> **Work required**
Omit the pictures and output exactly the lines from the start of the entries through the line containing "Bloc De Notas".

> **Records for processing**
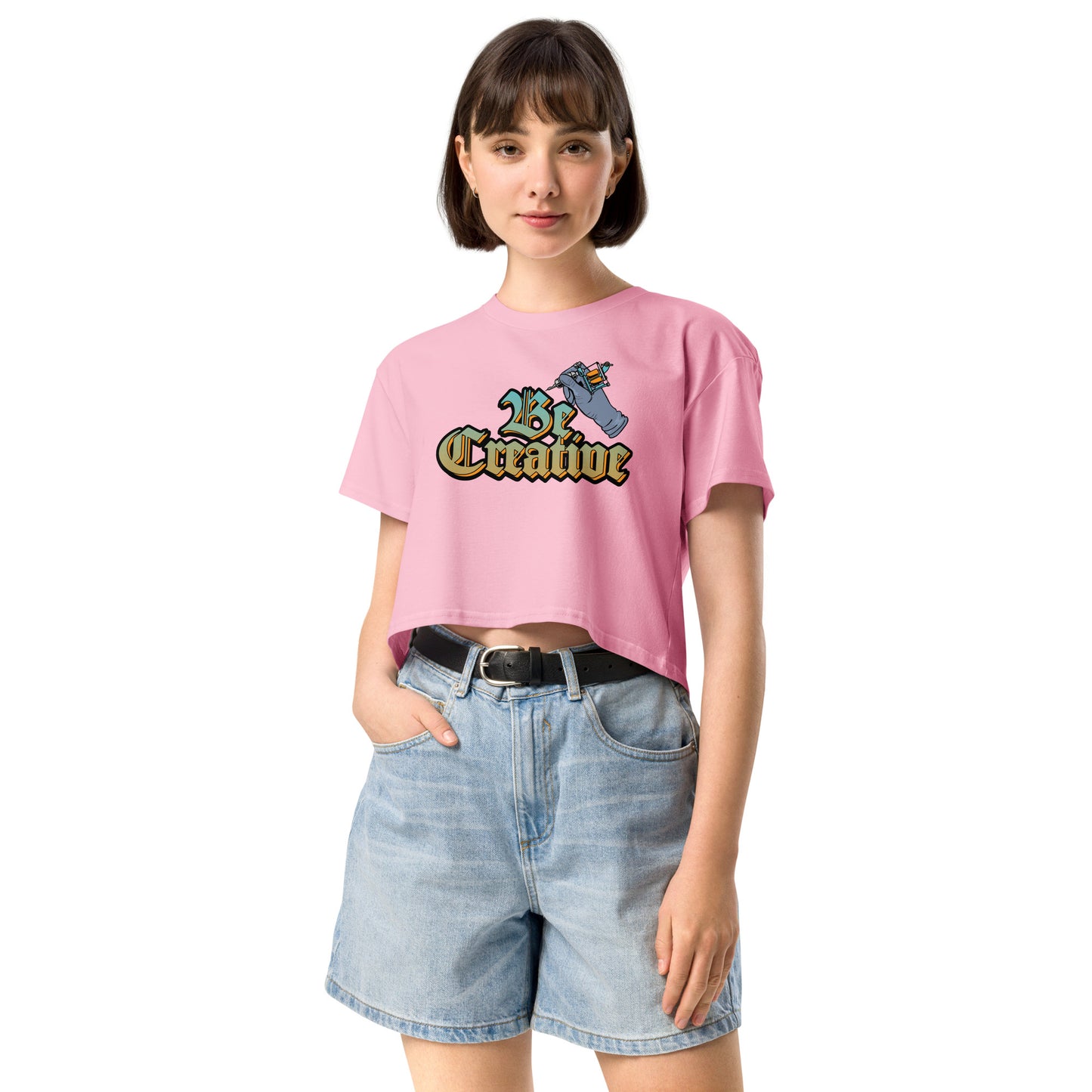Be Creative - Crop T-Shirt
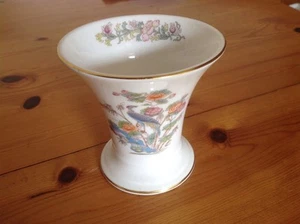 Wedgewood Kutani Crane kleine Vase - Bild 1 von 2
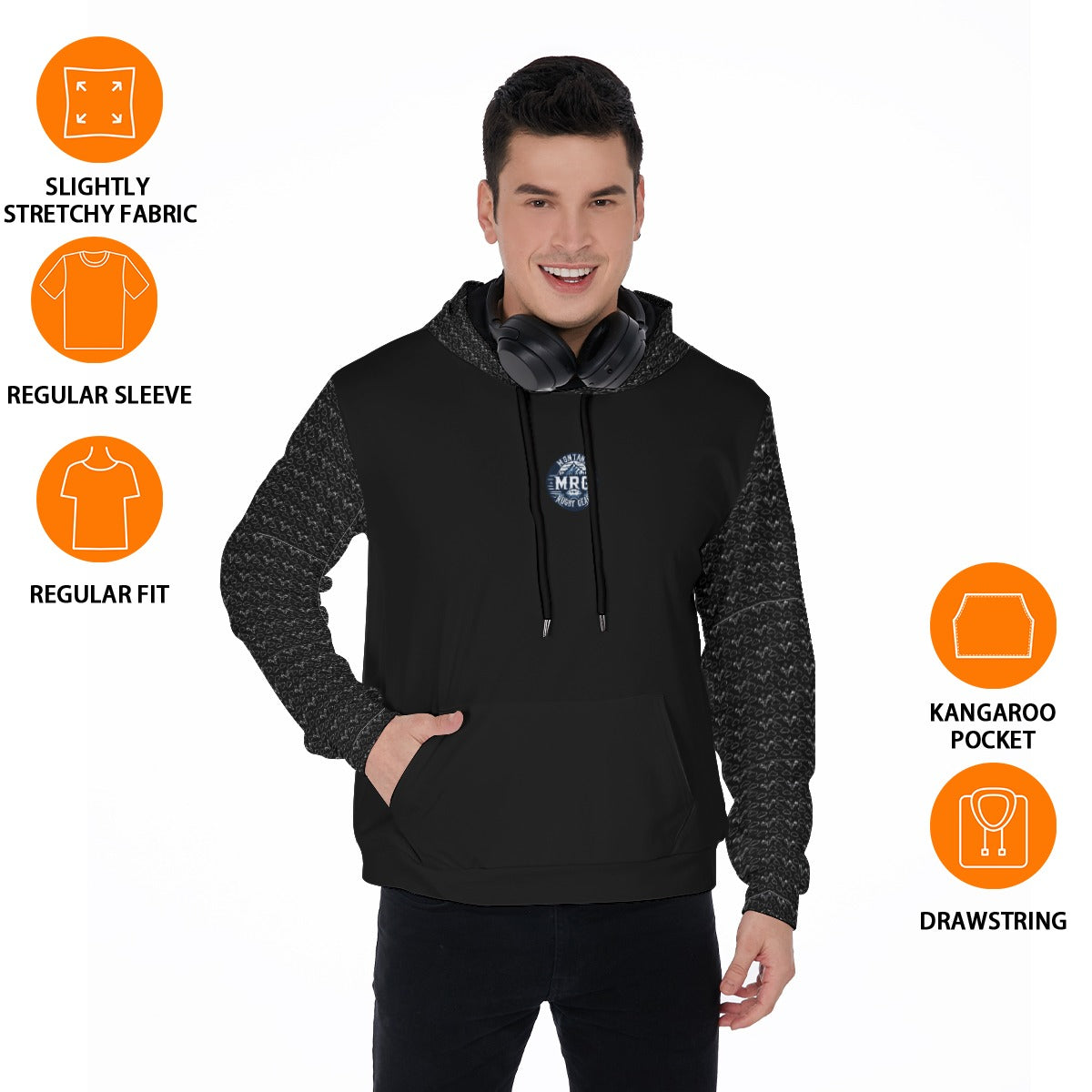 Men's Pullover Hoodie - Click to view more designs
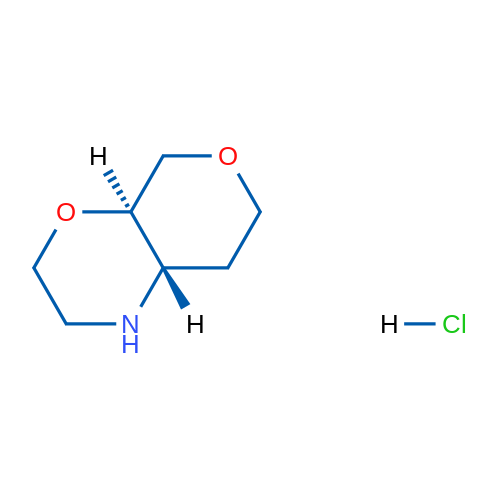(4AR,8aS)-octahydropyrano[3,4-b][1,4]oxazine hydrochloride 250mg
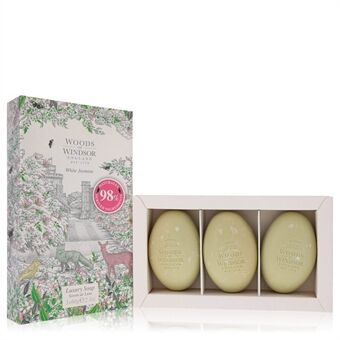 White Jasmine by Woods of Windsor - Three 62 ml Luxury Soaps 62 ml - voor vrouwen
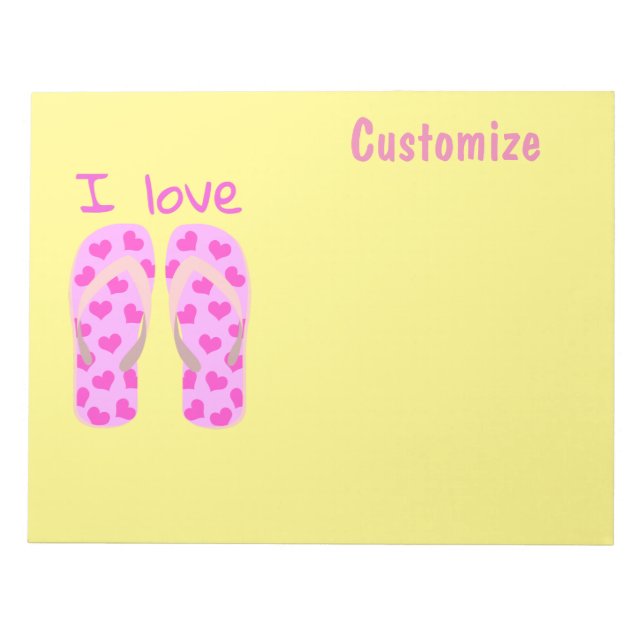 Bloc De Notas Thunder_Cove con Flip-Flops rosa (Frente)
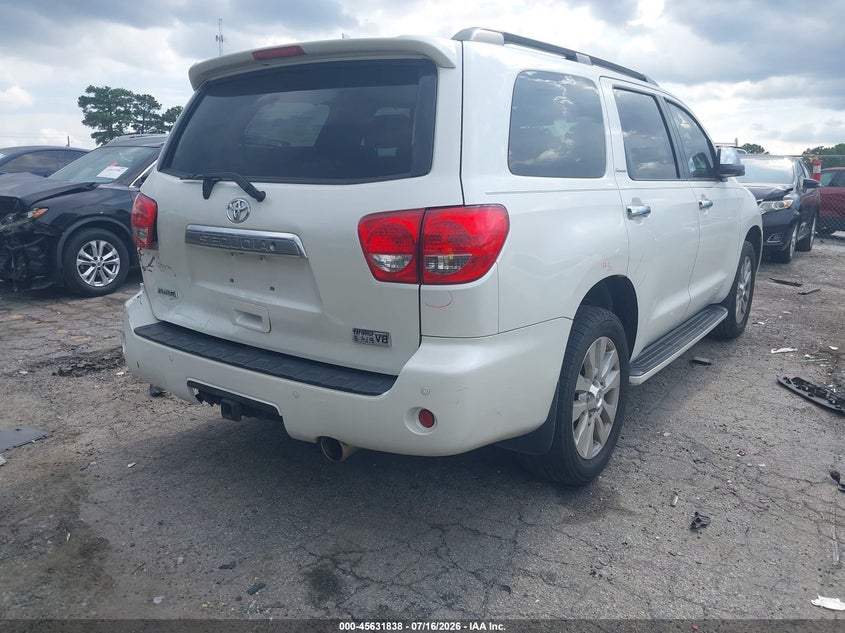 Vin: 5tdyy5g19as026702, lot: 46130304, toyota sequoia platinum 5.7l v8 20104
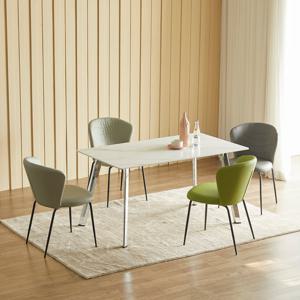 [헤닝] 레아 12T 통 세라믹 4인 식탁세트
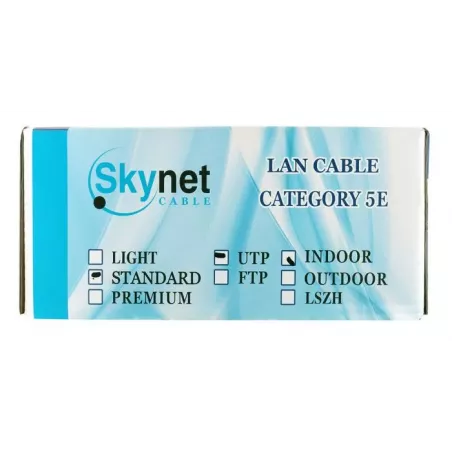 Купить кабель витая пара U/UTP 5e кат. 4 пары SkyNet CSS-UTP-4-CU/100 в Москве, смотреть цены  в интернет-магазине goldbyte.ru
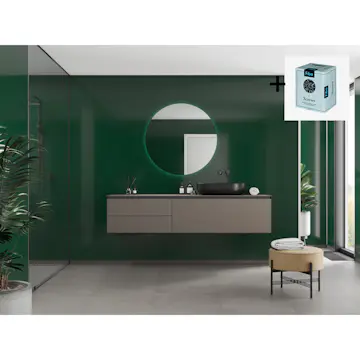 Baderomspanel Fibo 5231-M00 Bottle Green med Monteringsskruer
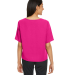 Devon and Jones DP617W Ladies' Perfect Fit™ Tie- in Crown raspberry back view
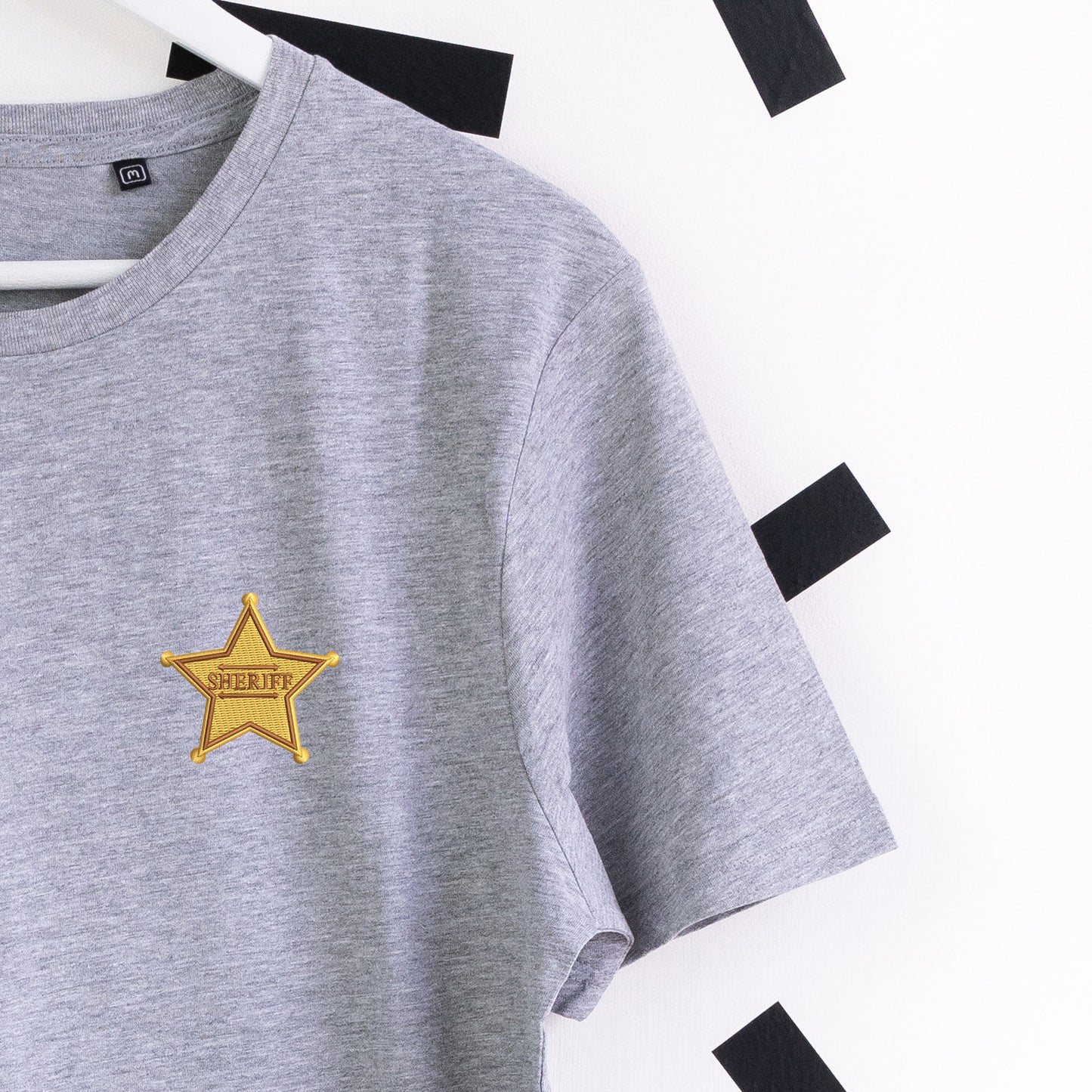 Sheriff Woody Embroidered T-Shirt - Grey
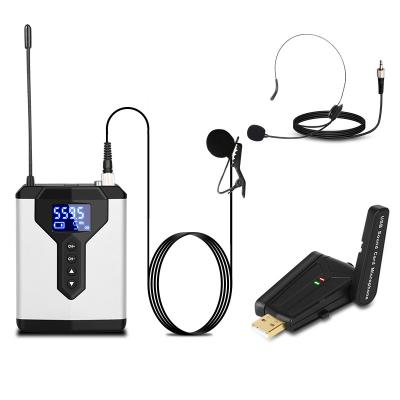 China Depusheng QU6-1 2022 new Lavalier headset wireless microphone headset for teaching and training microphone for sale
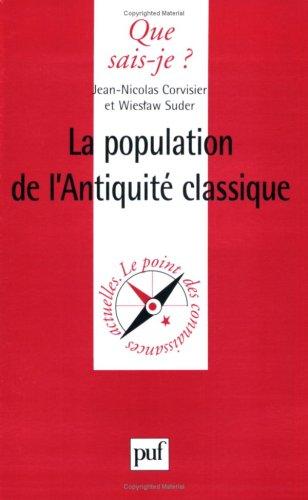 Cover for La Population de l'Antiquité classique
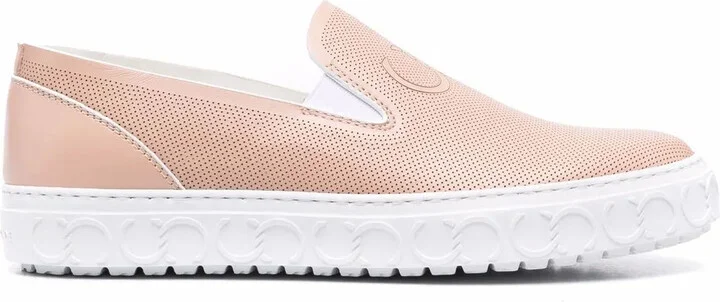 Embossed-Logo Slip-On Sneakers
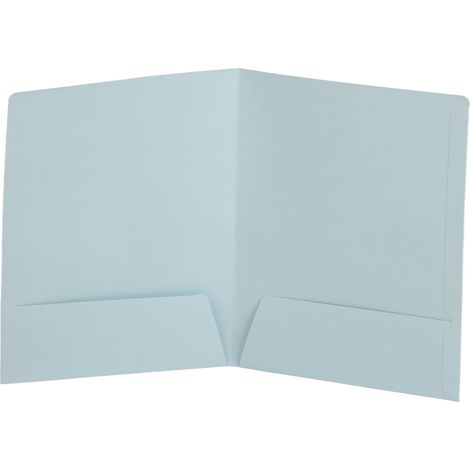 Pocket Folder L Shaped Folder Bevel Design Built in Pocket Convenient Put Paper FolderDouble Plug Sky Blue (1/5)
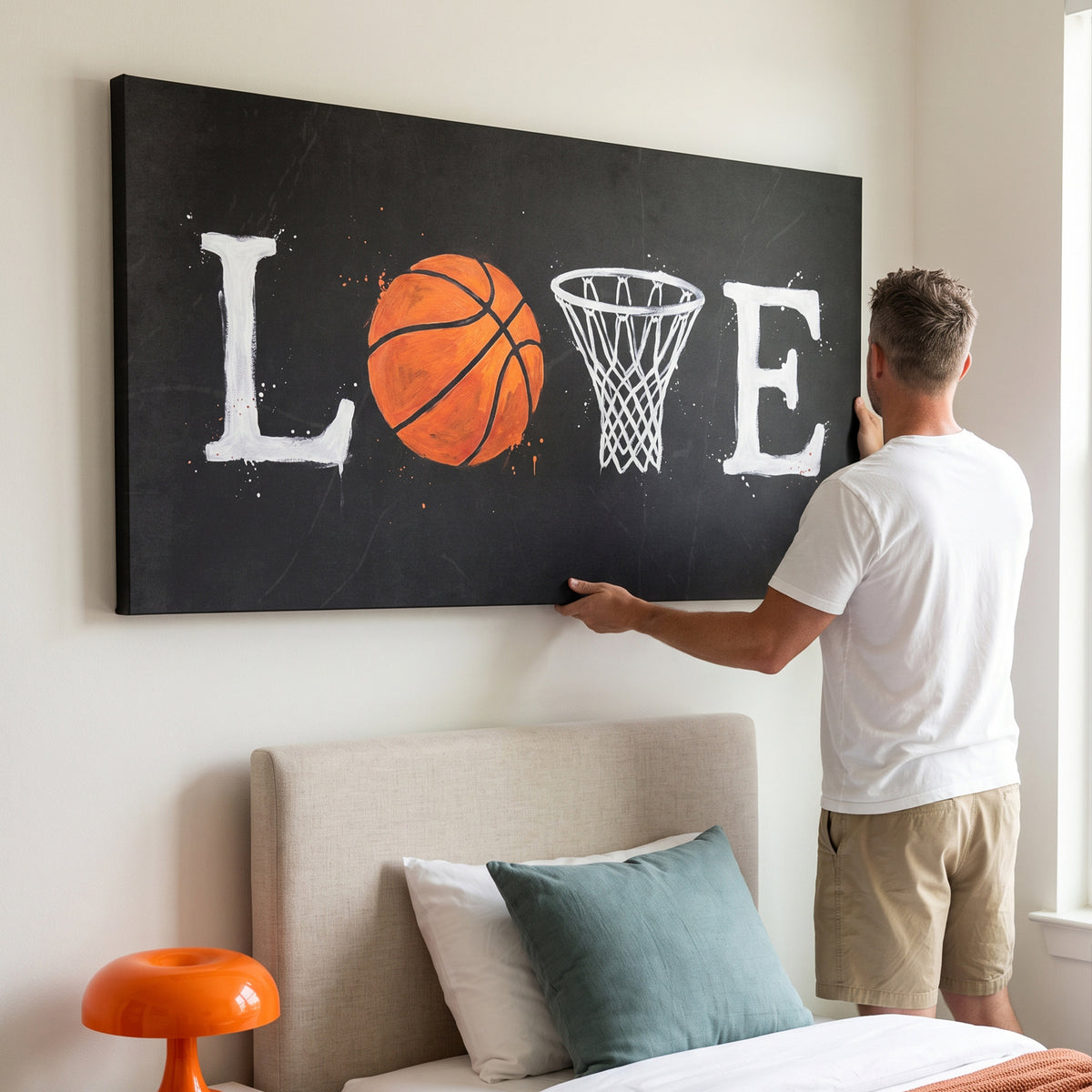 Love Basketball Paint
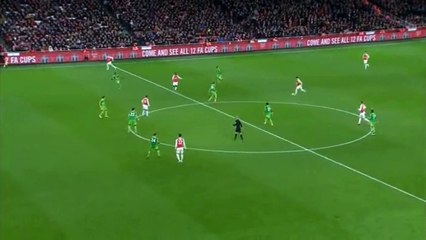 Olivier Giroud Goal - Arsenal 3-1 Sunderland - FA Cup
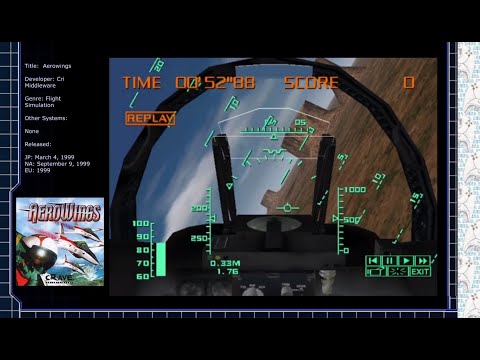 Screen de Aero Wings sur Dreamcast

> **Answer for this exercise**
Be Creative - Crop T-Shirt
 Wedgewood Kutani Crane kleine Vase - Bild 1 von 2
 Men's Pullover Hoodie - Click to view more designs
(4AR,8aS)-octahydropyrano[3,4-b][1,4]oxazine hydrochloride 250mg
 White Jasmine by Woods of Windsor - Three 62 ml Luxury Soaps 62 ml - voor vrouwen
 Bloc De Notas Thunder_Cove con Flip-Flops rosa (Frente)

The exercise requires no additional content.